# 450w psu



## omega44-xt (May 21, 2011)

I'm planning to purchase a 450W PSU for my PC. Following PSUs are available in my city :
- Intex 450 W @ Rs 650
- Mercury 450 W @ Rs 650
- Oddessy 450 W @ Rs 750
- Frontech 450 W @ Rs 680

Which one of the following is the best ?

Note: It is difficult to get any other brand PSU , so don't suggest a FSP, CM or zebronic PSU


----------



## joy.das.jd (May 21, 2011)

*Re: 450 w psu*

All the above PSU are not worth investment. Why not try the online stores.


----------



## mukherjee (May 21, 2011)

*Re: 450 w psu*



anupam_pb said:


> I'm planning to purchase a 450W PSU for my PC. Following PSUs are available in my city :
> - Intex 450 W @ Rs 650
> - Mercury 450 W @ Rs 650
> - Oddessy 450 W @ Rs 750
> ...



Neither.....They can kill ur system...
Please post ur config and budget so that we can advise better...
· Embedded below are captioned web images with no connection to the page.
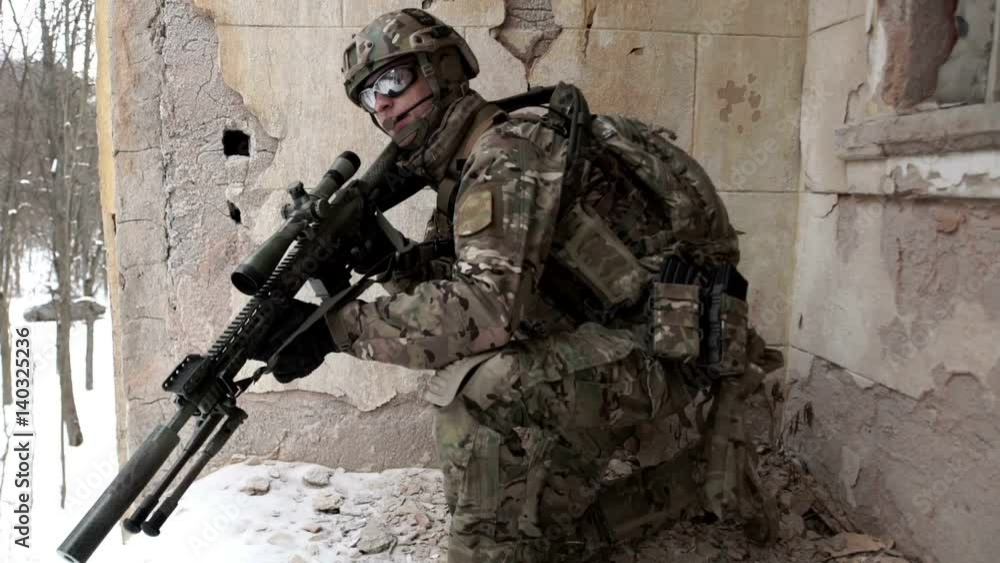 Military men with arms defending the building in winter Military men with arms defending the building in winter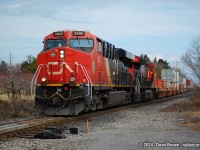 On a warm afternoon, X422 with CN ES44AC 3806 and CN ET44AC 3163 and 97 cars were lifted at Fort Erie on March 5/24.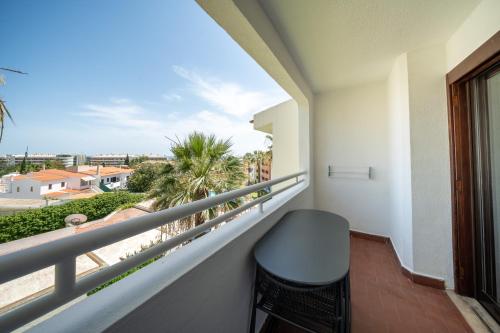 a balcony with a chair and a view of the city at Bellavista Avenida By BeGuest in Albufeira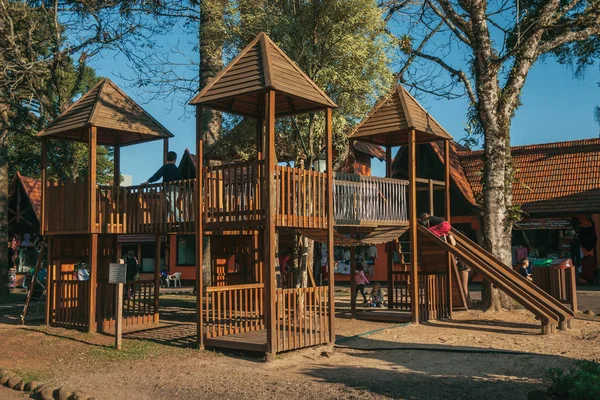 Playground equipment among trees with children — Stock Photo, Image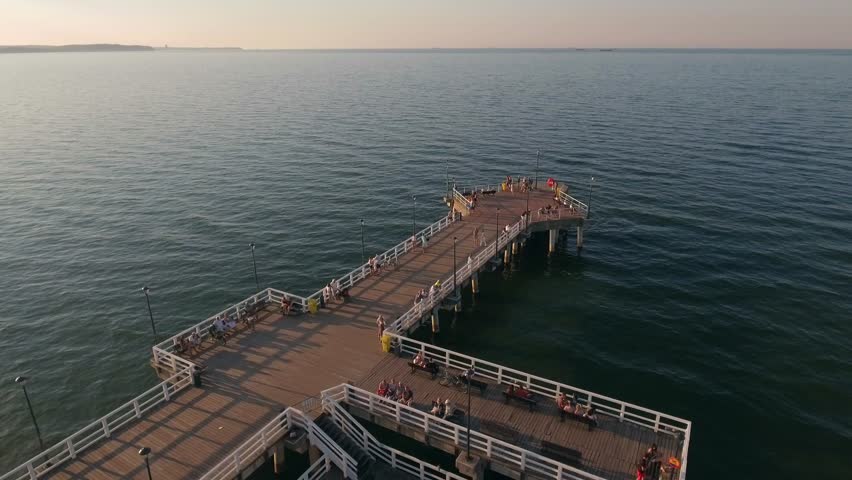 4K. Aerial view to the pier for yachts. People are walking on the pier for the day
U can also visit *here* to calculate what power u need


----------



## omega44-xt (May 21, 2011)

*Re: 450 w psu*

My PC config is givn in my signature & my budget is around 700. Actually i thought that i would get a zebronic 450W PSU in my city.



mukherjee said:


> Neither.....They can kill ur system...
> Please post ur config and budget so that we can advise better...
> 
> U can also visit *here* to calculate what power u need



How will it kill my system ?

Also the link to calculator which mukherjee gave showed minimum requirement as 192W & recommended 250W but my PC works with a 160W PSU. So i've to change it


----------



## MegaMind (May 21, 2011)

*Re: 450 w psu*

A defective or bad-intentioned power supply can lock the PC, can result in hard disk bad sectors, can result blue screen of death errors and random resets and freezings, added to many other problems. There have been cases that spikes have fried southbridge, northbridge and even onboard graphic and sound chips. Hard drive and ram are usually the first victims. People eventually spend 1000-5000 (depending on their system) to get it working. But in reality it works barely but its a damaged wreck. Prevention is better than cure, dont you think?

Source


----------



## coderunknown (May 21, 2011)

*Re: 450 w psu*

give a thorough read: Don't Be Surprised When Your Cheap PSU Blows Up


----------



## mitraark (May 21, 2011)

*Re: 450 w psu*

I bought a Frontech 500W PSU for Rs.400  Rs 680 is overpriced.

Buy the Zebronics PSU , it is the best of the lot.


----------



## doomgiver (May 21, 2011)

*Re: 450 w psu*



anupam_pb said:


> I'm planning to purchase a 450W PSU for my PC. Following PSUs are available in my city :
> - Intex 450 W @ Rs 650
> - Mercury 450 W @ Rs 650
> - Oddessy 450 W @ Rs 750
> ...



i bet all these are just 200-300w psu's given a 450w sticker.
wont last anytime too long


----------



## omega44-xt (May 21, 2011)

*Re: 450 w psu*



mitraark said:


> I bought a Frontech 500W PSU for Rs.400  Rs 680 is overpriced.
> 
> Buy the Zebronics PSU , it is the best of the lot.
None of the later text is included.